Input data
<<<<

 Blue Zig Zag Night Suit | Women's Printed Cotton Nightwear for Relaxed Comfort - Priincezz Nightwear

>>>>
<<<<

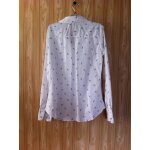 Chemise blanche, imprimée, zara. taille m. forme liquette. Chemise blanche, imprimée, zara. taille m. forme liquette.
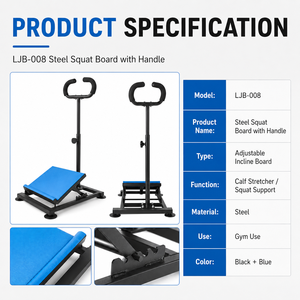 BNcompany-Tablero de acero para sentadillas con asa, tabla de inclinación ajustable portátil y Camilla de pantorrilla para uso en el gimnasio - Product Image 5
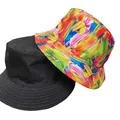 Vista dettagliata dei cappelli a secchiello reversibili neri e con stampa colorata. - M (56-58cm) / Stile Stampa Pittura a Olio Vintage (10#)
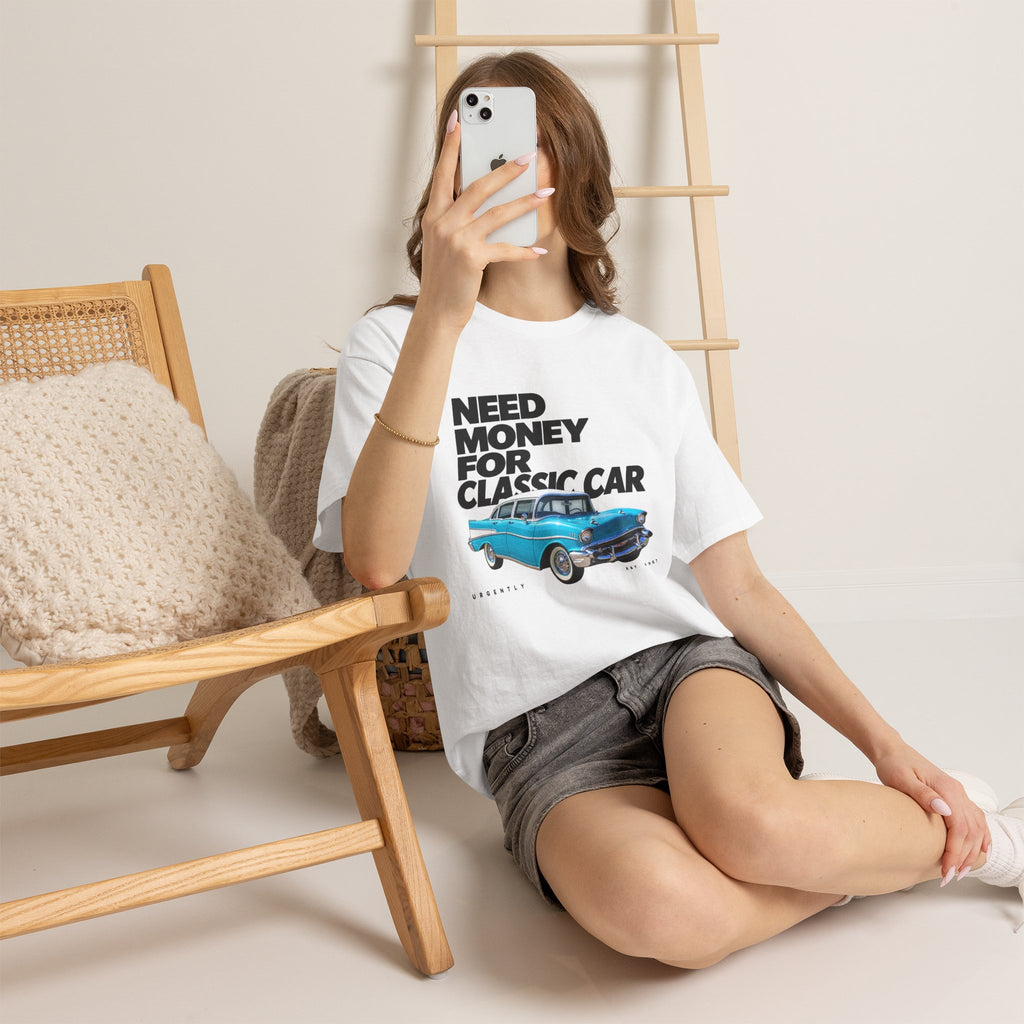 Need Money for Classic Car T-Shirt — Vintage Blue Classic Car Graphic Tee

>>>>
<<<<

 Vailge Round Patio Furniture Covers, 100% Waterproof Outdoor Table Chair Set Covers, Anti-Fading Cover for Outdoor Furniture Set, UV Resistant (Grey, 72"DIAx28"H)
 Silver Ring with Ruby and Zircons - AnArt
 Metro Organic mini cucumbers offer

>>>>

Assignment
Above are the records. Copy only the lines from the one with "BNcompany-Tablero de acero" through the one with "Need Money for", exactly, with no pictures.

Exercise response
 BNcompany-Tablero de acero para sentadillas con asa, tabla de inclinación ajustable portátil y Camilla de pantorrilla para uso en el gimnasio - Product Image 5
 Vista dettagliata dei cappelli a secchiello reversibili neri e con stampa colorata. - M (56-58cm) / Stile Stampa Pittura a Olio Vintage (10#)
 Need Money for Classic Car T-Shirt — Vintage Blue Classic Car Graphic Tee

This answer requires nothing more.